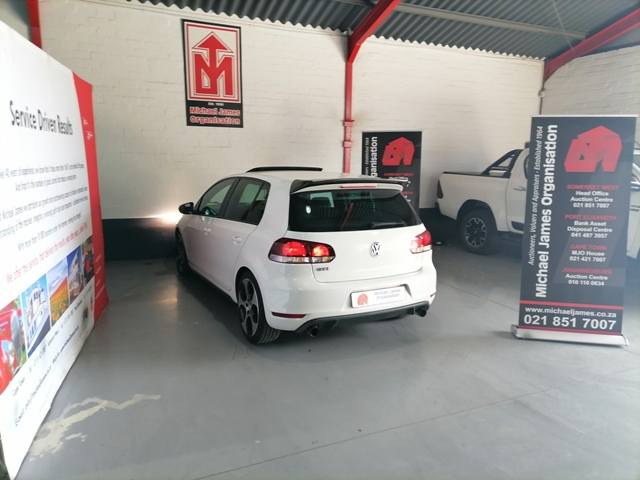2011 VW Golf VI GTI 2.0 thumbnail 6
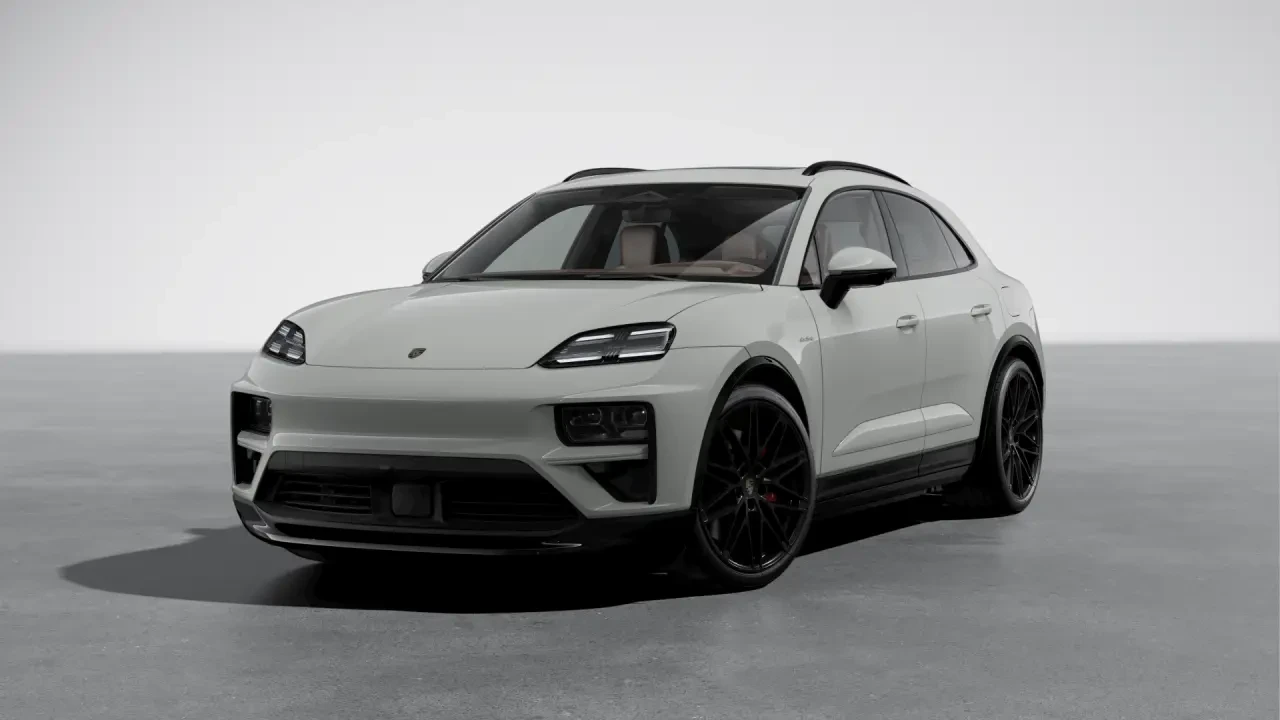2026 Porsche Macan Electric - Image 8 of 30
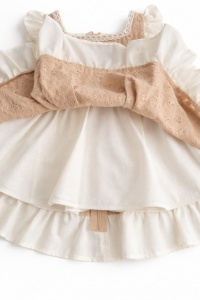 Rochita bebe fetita bej din bumbac cu fundita crem si broderie eleganta - Img 5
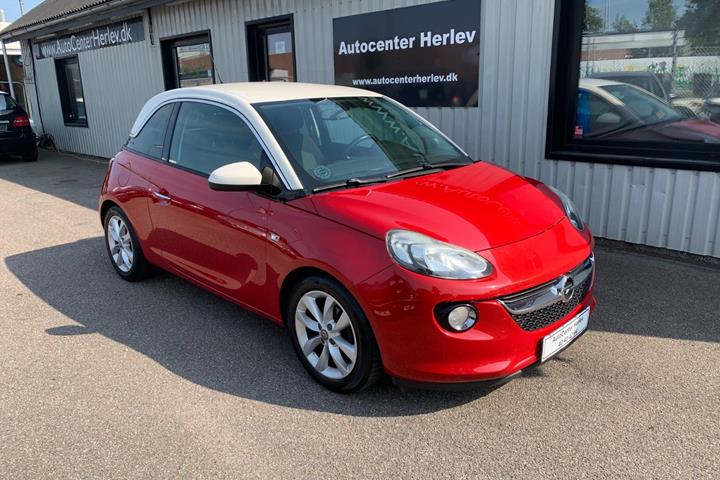 Rød Opel Adam fra 2013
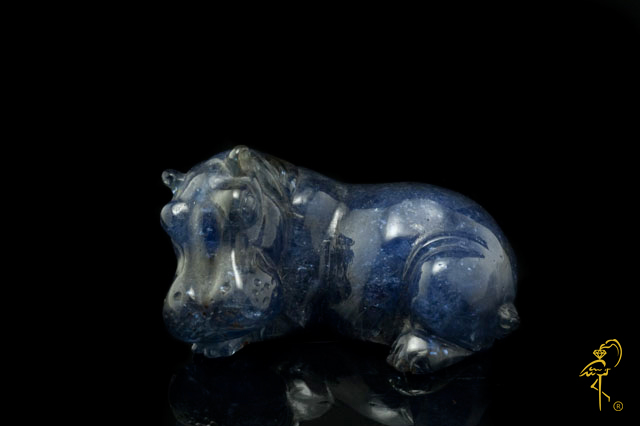 Tanzanite hippopotamus from the Carving Museum of the Golden Flamingo Jewelers Carving Museum: Tanzanite Hippo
**********
Give back the lines from the one containing "2026 Porsche Macan Electric - Image 8 of 30" through the last line of the records above exactly as they appear, both included, and no pictures.

2026 Porsche Macan Electric - Image 8 of 30
 Rochita bebe fetita bej din bumbac cu fundita crem si broderie eleganta - Img 5
 Rød Opel Adam fra 2013
 Tanzanite hippopotamus from the Carving Museum of the Golden Flamingo Jewelers Carving Museum: Tanzanite Hippo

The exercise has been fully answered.